No one will debate the importance of student ministry. But in Hurt’s observation, there has been a “de-emphasis” on it in recent years. More candidates who might have been student ministers in the past are instead becoming church planters. Other voices call for student ministries to be abolished altogether or lumped into a “family ministry” category.

The effects, he fears, can lead away from the evangelistic and missional roles student ministries are supposed to occupy. Youth ministry is actually a vehicle for the Titus 2 model where older men and women are “to teach what is good” for the younger generation, Hurt said.

He cites life-changing mentoring relationships he experienced as a student growing up in church and as a student ministry leader. That support mirrored in a network comes at the most crucial of moments.

“Recently we had a 21-year-old student minister who had a kid drown at an event,” he said. “How do you navigate something like that?”

Such tragic situations are rare, but not unheard of.
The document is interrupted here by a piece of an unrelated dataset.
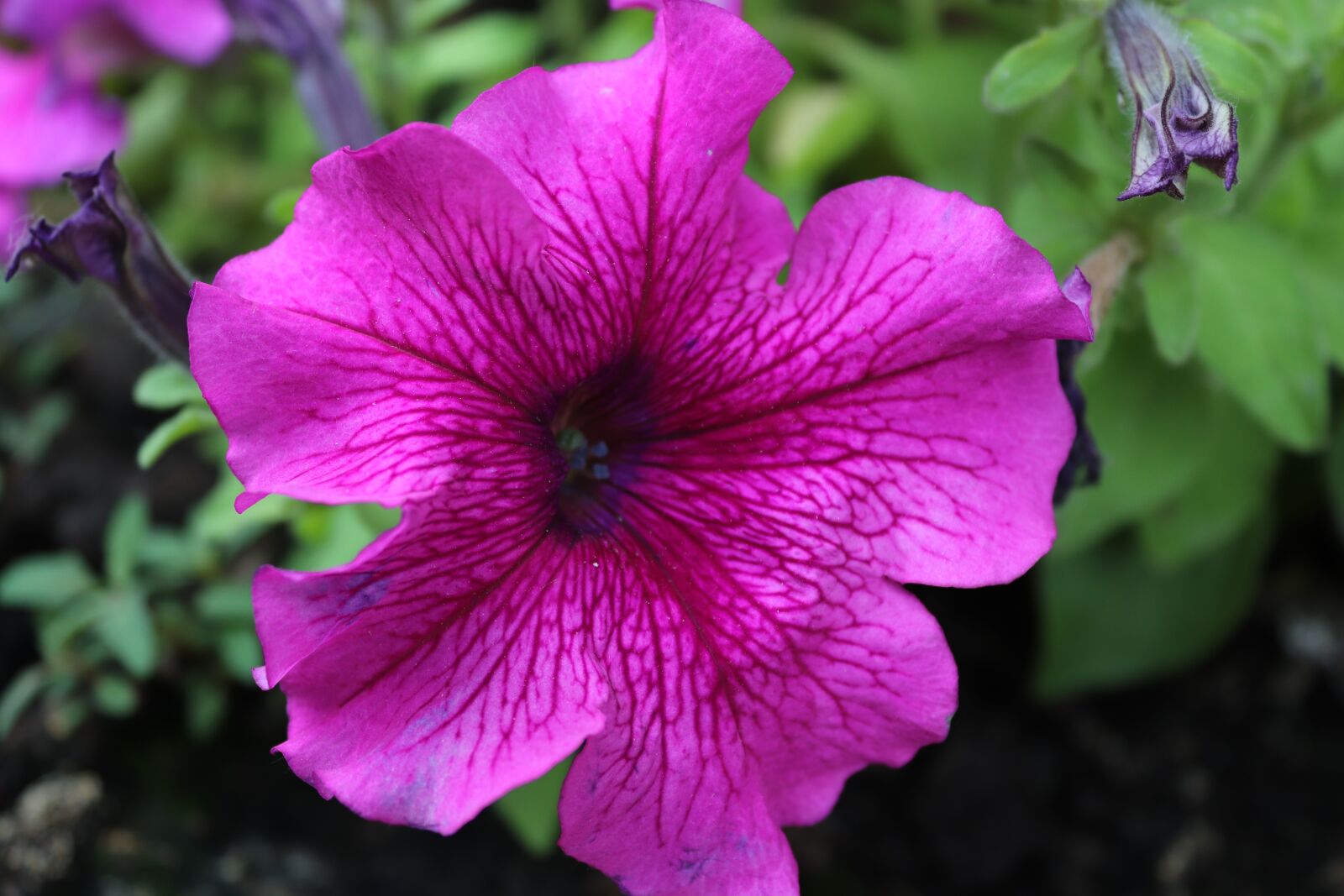 Canon EOS 200D (EOS Rebel SL2 / EOS Kiss X9) sample photo. Flowers, nature, meadow photography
Conversations tend to center more on issues such as reaching students, communicating with parents, budget concerns and handling tensions with your pastor or church leaders.

“The main thing we get from these gatherings is encouragement,” Hurt said. “When we walk away from those meetings, we’ve had courage put into us. We might not feel like there are people at our church who understand us, but we’ve met other people who are in the trenches with us.”